Textbook selection (in education circles called "textbook adoption") is a state issue and, at present, there are two categories of states, "open" and "closed." An open state is one where individual school districts are free to choose the textbooks they want to use. A closed state chooses its textbooks at the state level and, if a textbook is not deemed "acceptable" to a state textbook committee, then state funds cannot be used to purchase them and schools face formidable barriers should they want to use a non-adopted textbook. Twenty-one states have the "closed" model of textbook selection. In theory, the goal of such a process is noble: to ensure students use only the best and highest quality textbooks; in practice, this process creates a dynamic that results in poor and ineffectual textbooks and hurts the very students it is trying to help.

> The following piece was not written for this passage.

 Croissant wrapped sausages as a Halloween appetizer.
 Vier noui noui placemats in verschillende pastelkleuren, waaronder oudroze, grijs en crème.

A big flaw in a closed system is that the state textbook selection process is often subject to the whims and biases of individual committee members. One celebrated case of this is described in Harriet Tyson-Bernstein's stinging indictment of the state textbook selection process, America's Textbook Fiasco: A Conspiracy of Good Intentions. In her book, she describes how, in 1966, a single North Carolina textbook committee member complained that the state's approved history textbook failed to mention the relatively obscure Revolutionary War Battle of Moore's Creek Bridge - which happened to have occurred near his home. Result? History textbook adoption in the Tar Heel State was delayed a full year while the publisher of the state's only approved history textbook revised its content to include a full account of that battle. Once done, students in not just North Carolina but the entire country (as textbooks designed for a few large textbook adoption markets are then used for the whole country) found more written on the Battle of Moore's Creek Bridge than either the Boston Tea Party or the first Continental Congress. This remained the case until the late 1980s. In this case, "Moore is less".

Nowhere do "closed" states do more damage than with mathematics textbooks; here, the textbook adoption processes led to the rise of what has been called "fuzzy" and "MTV" mathematics. John Saxon, the founder of Saxon Publishers, wrote textbooks that emphasized basic skills and whose use produced impressive results in the classroom.

However, his textbooks were widely rejected by state textbook adoption committees. Why? Because Saxon did not bow to the idol of new age, new wave education practices that included de-emphasizing basic skills and putting calculators in the hands of students as young as five. Armed with hard evidence of higher test scores directly related to his programs, John Saxon led successful grass-roots movements to change the law in a few "closed" states, (most notably Georgia and Oklahoma) allowing school districts the freedom to choose their own textbook programs.

President Bush says that schools must be accountable for student achievement. It's time to stop arguing about inputs and start focusing on outcomes, because results matter. As Time Magazine wrote, "Students using Saxon's (algebra) book showed an overall gain of 159% as compared with the control group. Tests also revealed that Saxon students in the lowest-ability group outscored their control counterparts by a staggering 246%. Perhaps even more staggering is the fact that the low-ability Saxon students outscored the high-medium controls on every test." President Bush demands, "no child be left behind." I couldn't agree with him more.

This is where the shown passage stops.